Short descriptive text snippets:
((

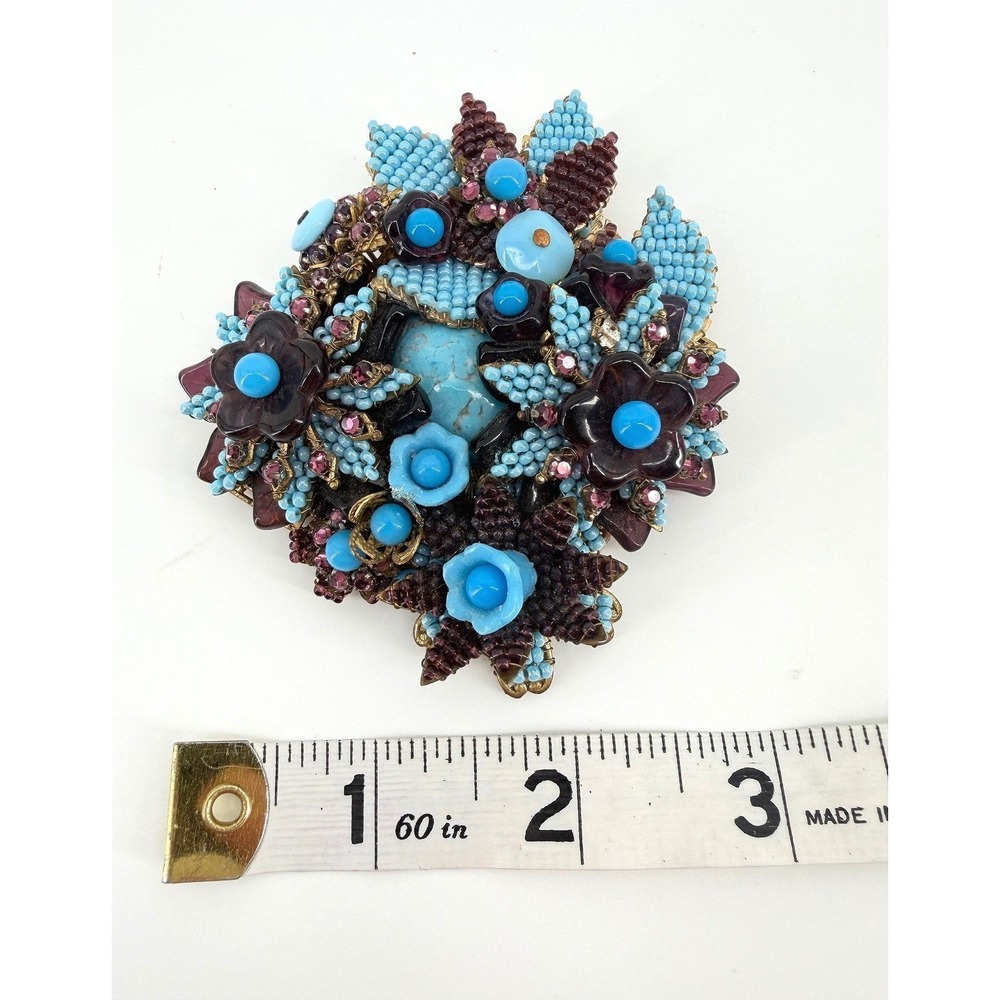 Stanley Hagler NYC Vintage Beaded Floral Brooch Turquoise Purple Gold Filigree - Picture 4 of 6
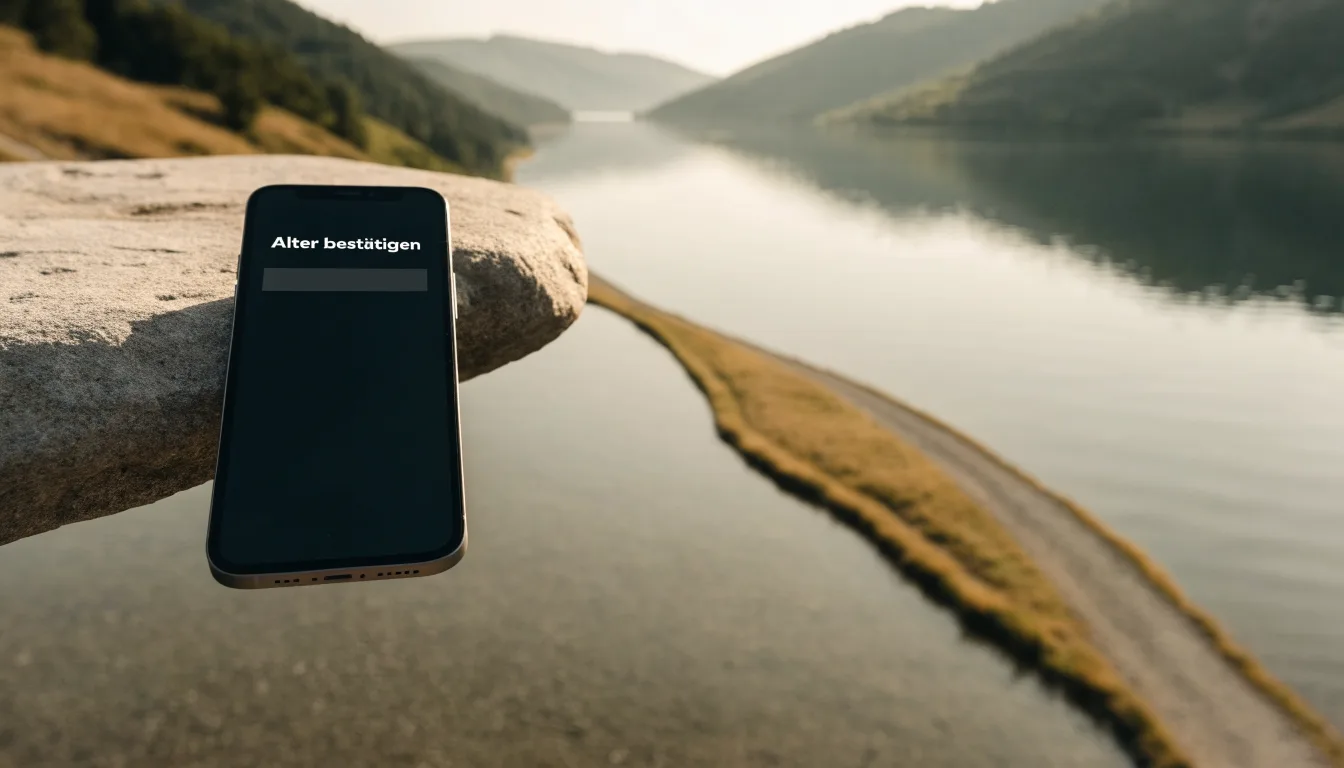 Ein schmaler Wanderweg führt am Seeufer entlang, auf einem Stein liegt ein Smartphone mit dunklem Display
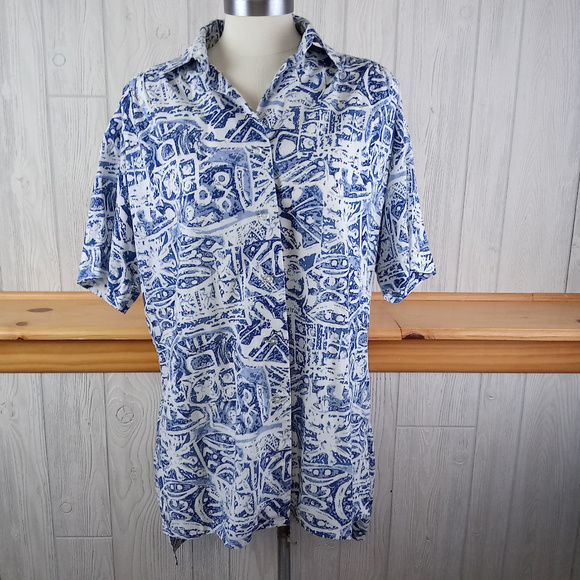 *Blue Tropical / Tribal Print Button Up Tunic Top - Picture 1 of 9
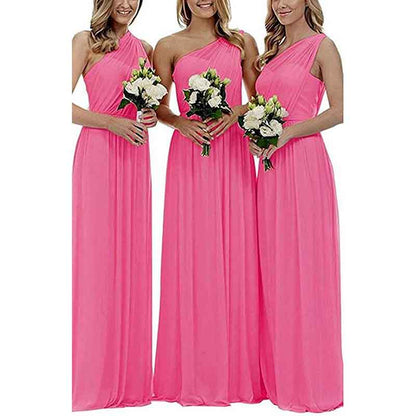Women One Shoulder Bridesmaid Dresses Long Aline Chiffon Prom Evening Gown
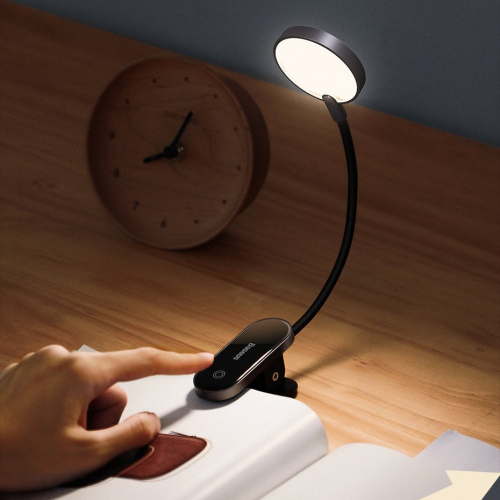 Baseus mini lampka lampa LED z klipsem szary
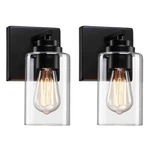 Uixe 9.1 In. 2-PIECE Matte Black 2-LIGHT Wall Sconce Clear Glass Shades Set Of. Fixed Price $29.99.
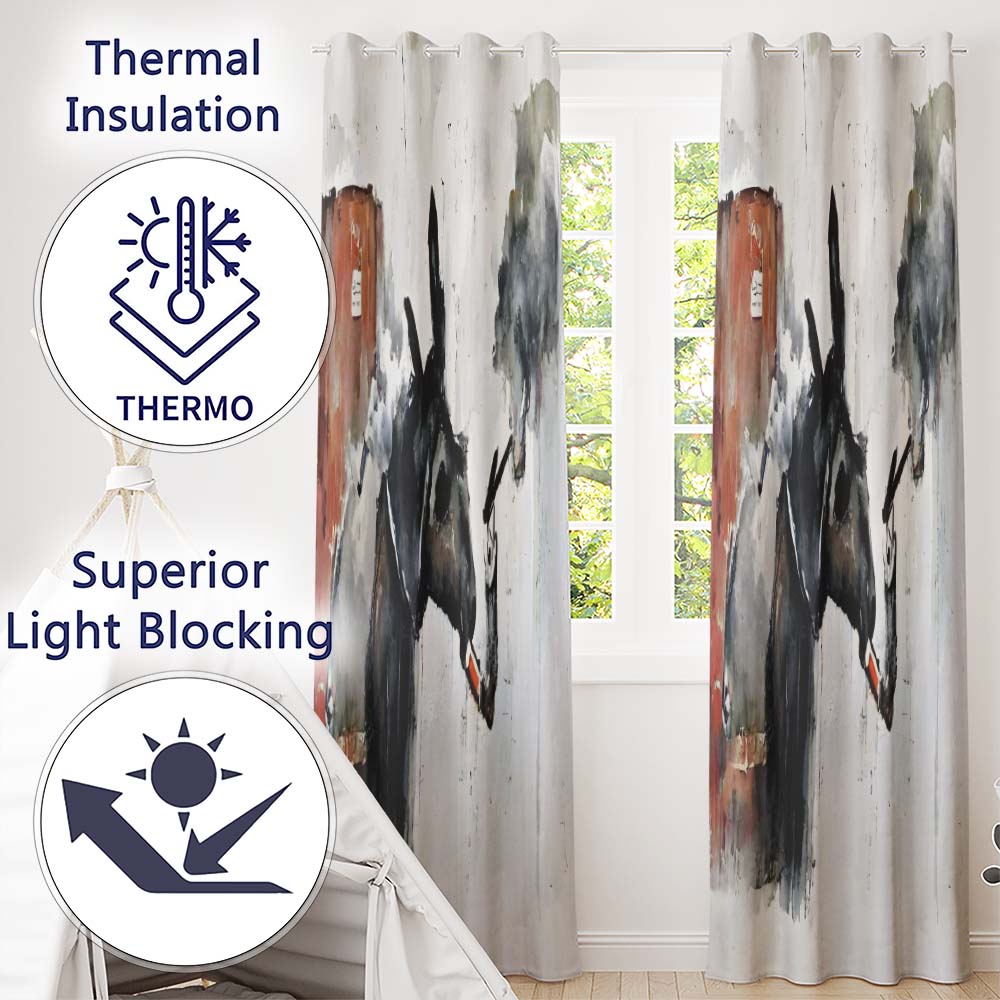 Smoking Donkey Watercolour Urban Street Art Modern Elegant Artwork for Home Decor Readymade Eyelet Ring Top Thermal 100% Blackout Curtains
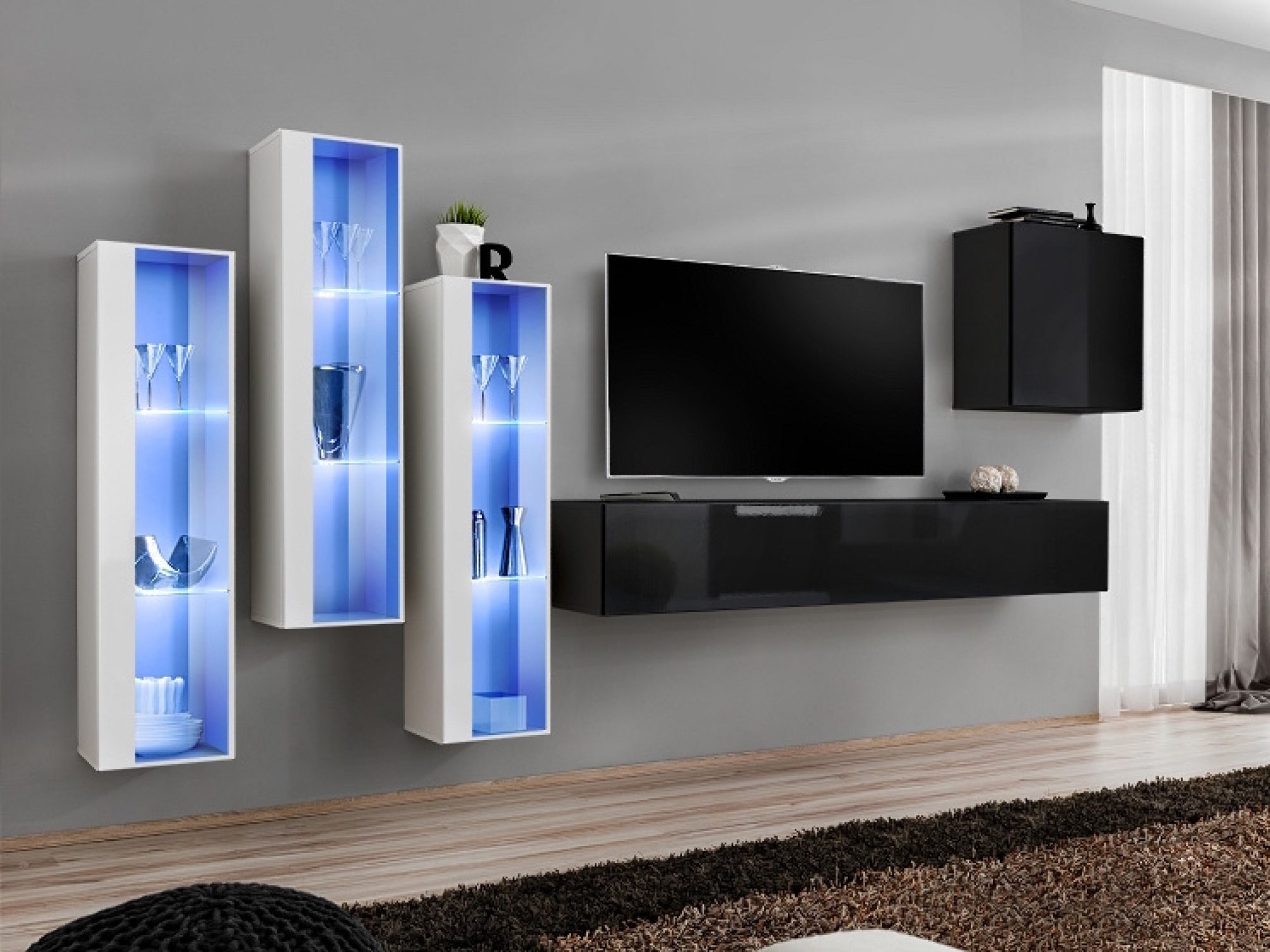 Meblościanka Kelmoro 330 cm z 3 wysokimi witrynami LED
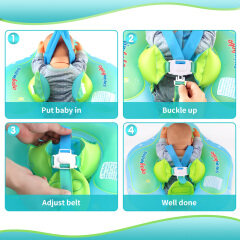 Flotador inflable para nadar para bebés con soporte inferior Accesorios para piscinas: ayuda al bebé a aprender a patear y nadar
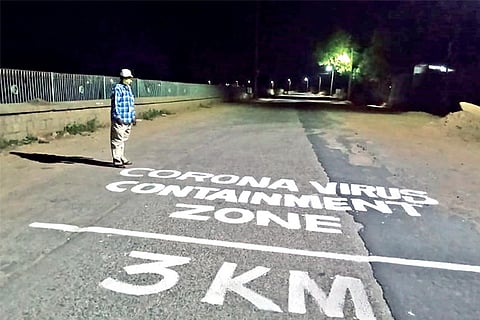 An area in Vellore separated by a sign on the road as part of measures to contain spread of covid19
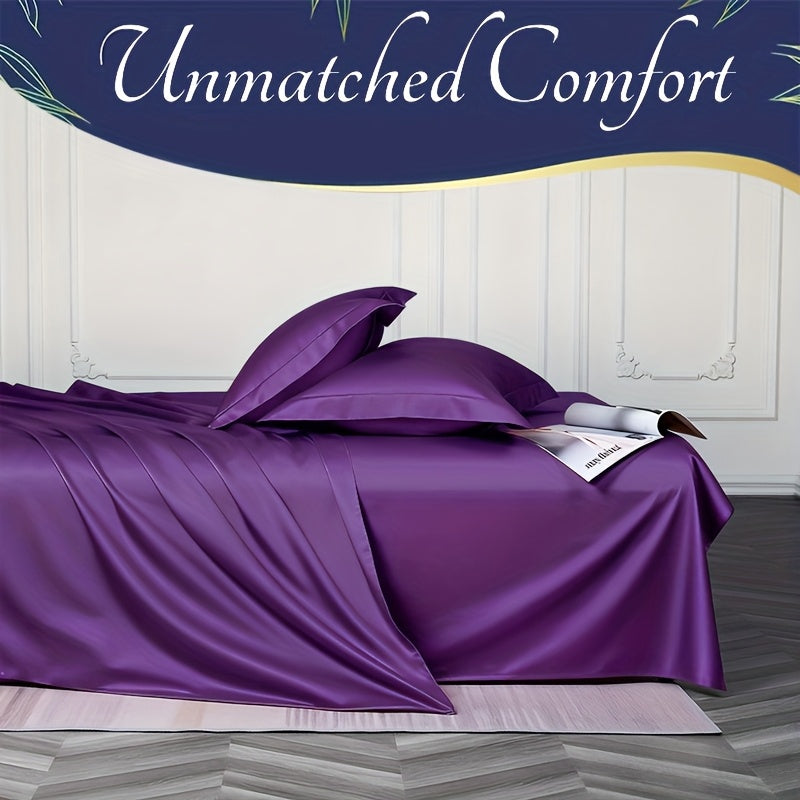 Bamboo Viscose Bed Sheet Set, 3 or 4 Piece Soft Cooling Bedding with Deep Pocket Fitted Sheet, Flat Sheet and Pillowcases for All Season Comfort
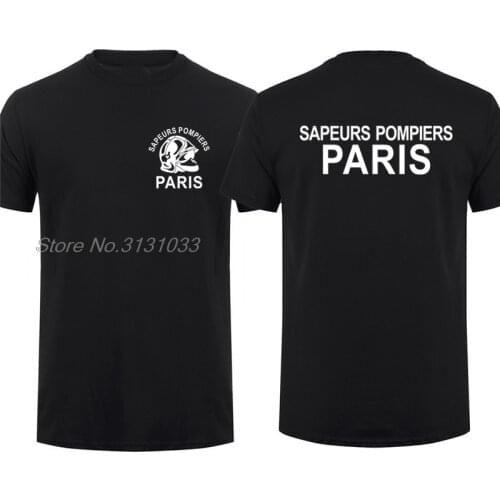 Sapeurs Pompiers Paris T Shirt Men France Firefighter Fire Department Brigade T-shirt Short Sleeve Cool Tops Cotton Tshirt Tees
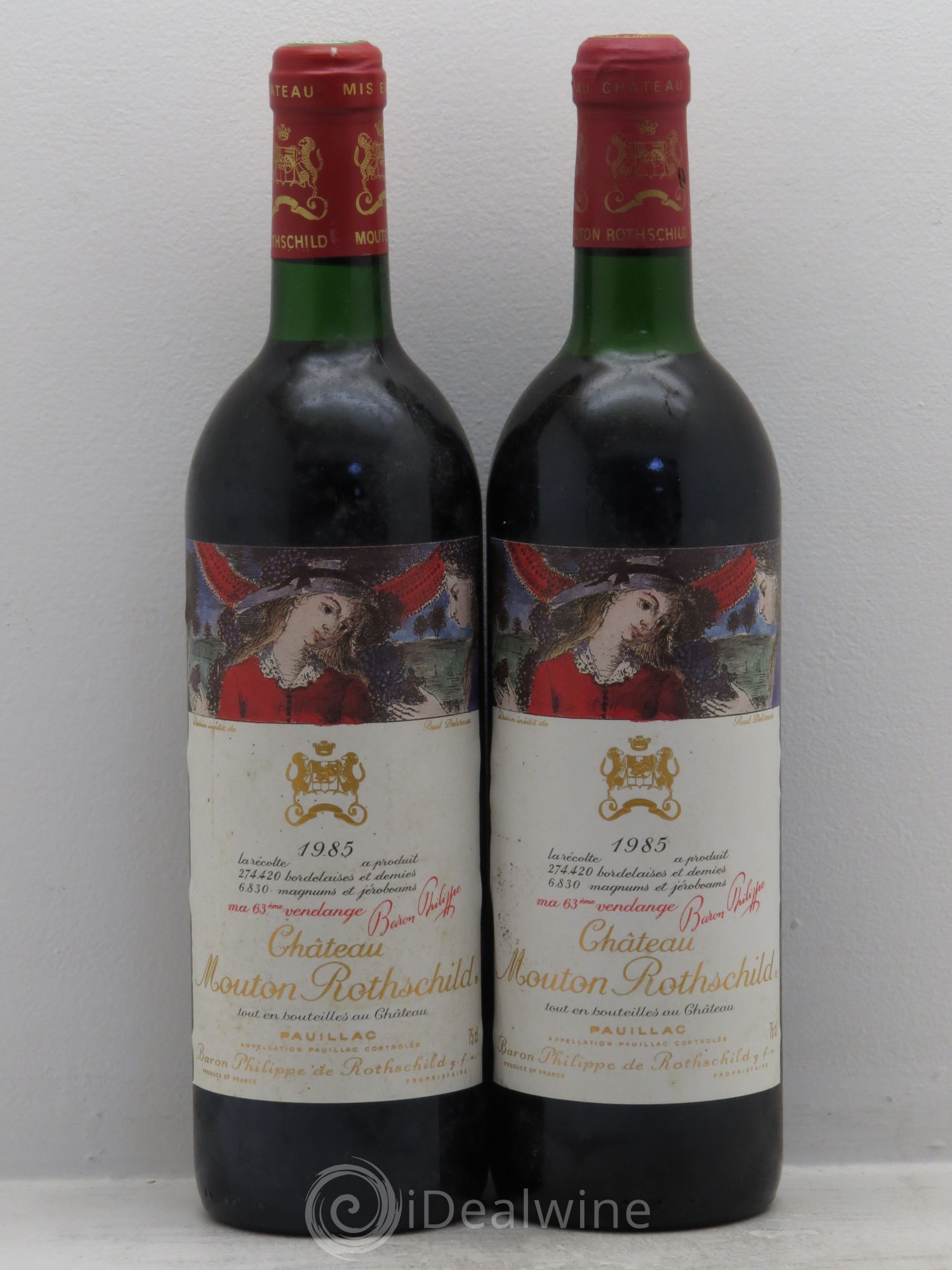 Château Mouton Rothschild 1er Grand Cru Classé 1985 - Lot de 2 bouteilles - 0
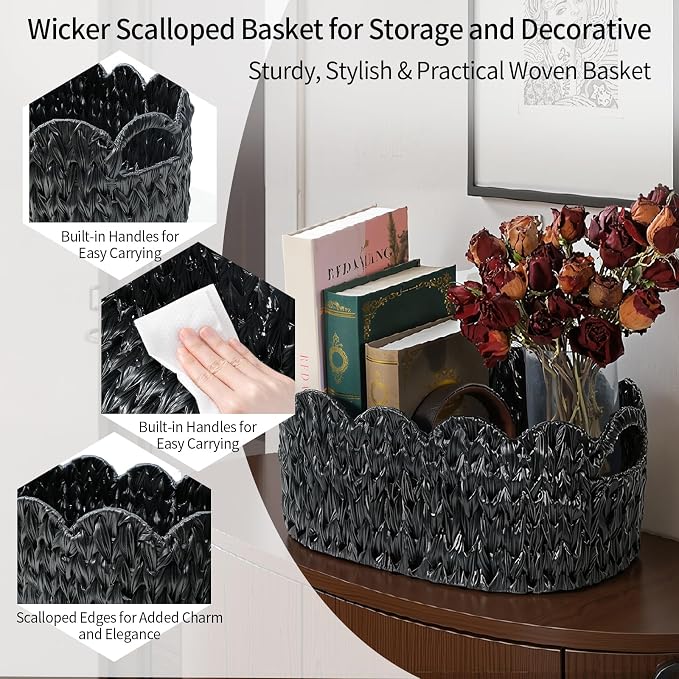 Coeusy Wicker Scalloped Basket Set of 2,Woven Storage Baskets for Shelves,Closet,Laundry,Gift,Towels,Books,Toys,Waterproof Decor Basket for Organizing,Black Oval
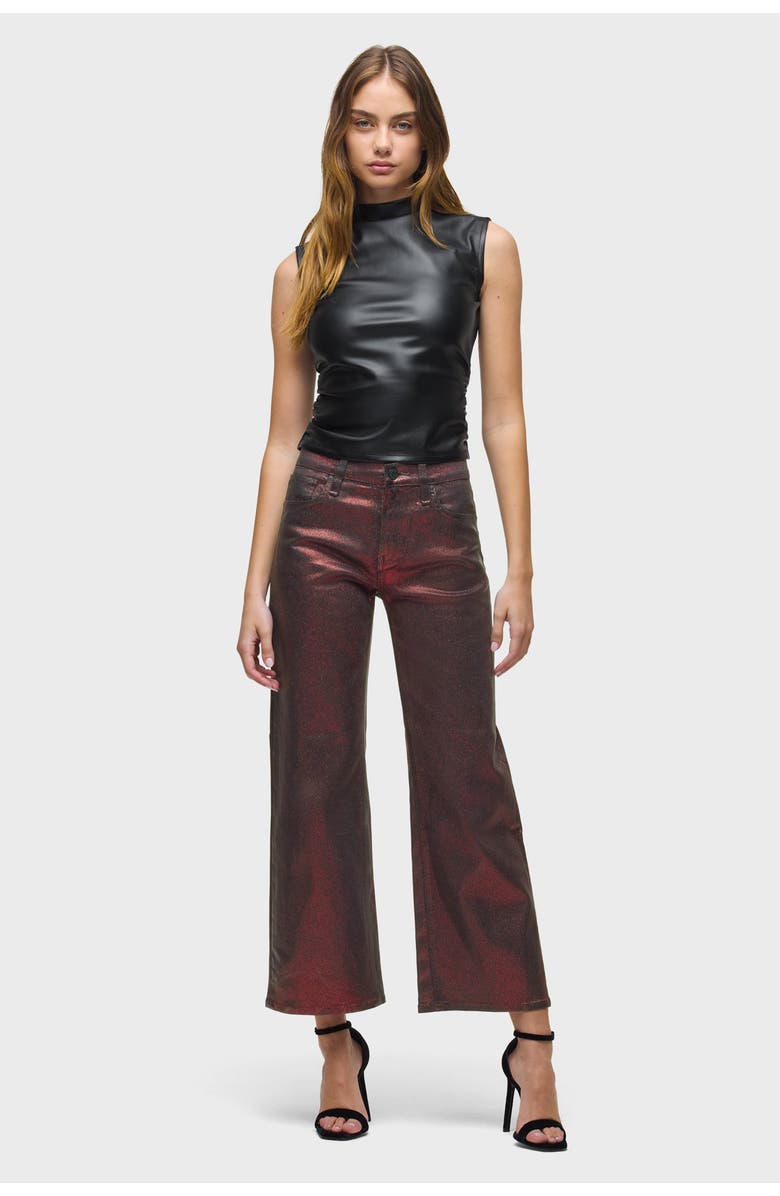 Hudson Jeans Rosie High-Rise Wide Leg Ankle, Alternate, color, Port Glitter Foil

))

### EXERCISE DIRECTIONS:
The lines from the top of the data above through the one holding "Coeusy Wicker Scalloped" are to be repeated exactly, and only those, with no pictures.

### ANSWER SECTION:
 Stanley Hagler NYC Vintage Beaded Floral Brooch Turquoise Purple Gold Filigree - Picture 4 of 6
 Ein schmaler Wanderweg führt am Seeufer entlang, auf einem Stein liegt ein Smartphone mit dunklem Display
 *Blue Tropical / Tribal Print Button Up Tunic Top - Picture 1 of 9
Women One Shoulder Bridesmaid Dresses Long Aline Chiffon Prom Evening Gown
 Baseus mini lampka lampa LED z klipsem szary
 Uixe 9.1 In. 2-PIECE Matte Black 2-LIGHT Wall Sconce Clear Glass Shades Set Of. Fixed Price $29.99.
 Smoking Donkey Watercolour Urban Street Art Modern Elegant Artwork for Home Decor Readymade Eyelet Ring Top Thermal 100% Blackout Curtains
 Meblościanka Kelmoro 330 cm z 3 wysokimi witrynami LED
 Flotador inflable para nadar para bebés con soporte inferior Accesorios para piscinas: ayuda al bebé a aprender a patear y nadar
 An area in Vellore separated by a sign on the road as part of measures to contain spread of covid19
 Bamboo Viscose Bed Sheet Set, 3 or 4 Piece Soft Cooling Bedding with Deep Pocket Fitted Sheet, Flat Sheet and Pillowcases for All Season Comfort
 Sapeurs Pompiers Paris T Shirt Men France Firefighter Fire Department Brigade T-shirt Short Sleeve Cool Tops Cotton Tshirt Tees
 Château Mouton Rothschild 1er Grand Cru Classé 1985 - Lot de 2 bouteilles - 0
 Coeusy Wicker Scalloped Basket Set of 2,Woven Storage Baskets for Shelves,Closet,Laundry,Gift,Towels,Books,Toys,Waterproof Decor Basket for Organizing,Black Oval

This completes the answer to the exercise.